The Artificial Intelligence Extended Hybrid Model Based on Metabolic and Fertility Data for Early Diagnosing Polycystic Ovary Syndrome in Iranian Fertile and Infertile Women and Providing Healthy Lifestyle Recommendations
Abstract
Background: Polycystic ovary syndrome (PCOS) is associated with metabolic, hormonal, and genetic disorders. The lack of defined biomarkers makes diagnosis difficult. High-accuracy hybrid models enable early diagnosis. The aim of the present study is to train a hybrid model with metabolic and reproductive indicators for early diagnosis and provide healthy lifestyle strategies.
Methods: Data from 7000 fertile and infertile women and those without PCOS were processed, and then a dataset of 550 women was prepared, and 7, 10 and 15 subsets of important features were selected using random forest (RF) and were used to train hybrid models Voting classifier, LG, SVC, XGBoost.

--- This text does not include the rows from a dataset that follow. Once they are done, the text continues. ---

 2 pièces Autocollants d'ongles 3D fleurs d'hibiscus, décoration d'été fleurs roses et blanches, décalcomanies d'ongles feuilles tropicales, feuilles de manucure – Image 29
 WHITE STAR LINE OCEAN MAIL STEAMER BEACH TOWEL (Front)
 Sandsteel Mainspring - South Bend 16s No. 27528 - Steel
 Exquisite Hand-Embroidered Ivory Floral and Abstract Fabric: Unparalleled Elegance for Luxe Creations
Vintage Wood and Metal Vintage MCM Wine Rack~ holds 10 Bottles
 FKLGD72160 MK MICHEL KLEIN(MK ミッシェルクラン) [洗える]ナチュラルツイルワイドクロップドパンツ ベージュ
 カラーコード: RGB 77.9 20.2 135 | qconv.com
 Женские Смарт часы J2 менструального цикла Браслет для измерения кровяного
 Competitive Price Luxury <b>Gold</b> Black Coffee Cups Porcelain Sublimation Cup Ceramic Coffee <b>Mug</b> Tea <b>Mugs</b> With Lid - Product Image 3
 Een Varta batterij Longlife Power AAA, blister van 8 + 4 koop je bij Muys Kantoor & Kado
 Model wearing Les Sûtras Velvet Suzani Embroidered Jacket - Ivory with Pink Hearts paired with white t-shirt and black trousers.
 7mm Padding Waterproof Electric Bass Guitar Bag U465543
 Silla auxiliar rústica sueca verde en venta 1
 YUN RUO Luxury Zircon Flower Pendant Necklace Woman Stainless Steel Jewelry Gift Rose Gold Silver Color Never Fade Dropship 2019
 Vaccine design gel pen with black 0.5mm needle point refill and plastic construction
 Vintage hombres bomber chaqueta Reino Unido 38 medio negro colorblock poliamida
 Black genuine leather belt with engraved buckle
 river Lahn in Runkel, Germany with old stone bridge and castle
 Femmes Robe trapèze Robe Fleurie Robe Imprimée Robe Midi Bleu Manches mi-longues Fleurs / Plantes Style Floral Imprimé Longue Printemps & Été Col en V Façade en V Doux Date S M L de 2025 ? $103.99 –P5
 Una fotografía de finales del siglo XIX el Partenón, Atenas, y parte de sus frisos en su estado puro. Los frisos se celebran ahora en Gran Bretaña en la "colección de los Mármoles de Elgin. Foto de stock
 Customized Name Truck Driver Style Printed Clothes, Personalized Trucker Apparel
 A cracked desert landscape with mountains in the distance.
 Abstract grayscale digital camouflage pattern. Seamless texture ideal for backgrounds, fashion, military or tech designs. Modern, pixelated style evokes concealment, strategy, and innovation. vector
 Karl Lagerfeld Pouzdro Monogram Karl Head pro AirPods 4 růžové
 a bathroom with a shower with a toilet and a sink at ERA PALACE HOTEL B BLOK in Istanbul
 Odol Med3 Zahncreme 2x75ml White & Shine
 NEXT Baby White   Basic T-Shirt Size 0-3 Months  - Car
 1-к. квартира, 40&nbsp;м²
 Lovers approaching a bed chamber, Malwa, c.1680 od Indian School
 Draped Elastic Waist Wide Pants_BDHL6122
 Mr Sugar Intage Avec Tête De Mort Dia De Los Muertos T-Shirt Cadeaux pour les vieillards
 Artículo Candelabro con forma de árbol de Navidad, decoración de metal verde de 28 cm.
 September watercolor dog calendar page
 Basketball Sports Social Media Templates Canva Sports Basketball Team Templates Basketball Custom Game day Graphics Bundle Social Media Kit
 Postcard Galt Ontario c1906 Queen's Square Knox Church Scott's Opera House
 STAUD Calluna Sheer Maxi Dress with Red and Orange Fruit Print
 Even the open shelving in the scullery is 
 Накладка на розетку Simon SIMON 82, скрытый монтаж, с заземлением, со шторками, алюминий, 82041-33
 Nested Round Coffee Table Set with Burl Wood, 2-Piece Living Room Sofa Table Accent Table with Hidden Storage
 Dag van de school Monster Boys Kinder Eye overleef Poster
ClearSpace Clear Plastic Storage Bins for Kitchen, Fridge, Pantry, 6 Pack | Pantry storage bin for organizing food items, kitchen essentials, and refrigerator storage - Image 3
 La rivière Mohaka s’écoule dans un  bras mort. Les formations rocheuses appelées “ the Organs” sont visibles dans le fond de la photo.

Results: After selecting three groups of important features and training the models, the Voting classifier model could diagnose PCOS with an accuracy of over 95%. Anti-Mullerian (AMH) is considered an important diagnostic tool. In addition, sex hormones and markers such as fasting glucose, total cholesterol, high-density lipoprotein cholesterol, vitamin D3, and thyroid hormones can be used for early diagnosis of this syndrome.
Conclusion: It is possible to identify polycystic ovary syndrome using machine learning models without expensive highprecision tests, which will help doctors and clinicians make informed decisions and reduce harmful messages.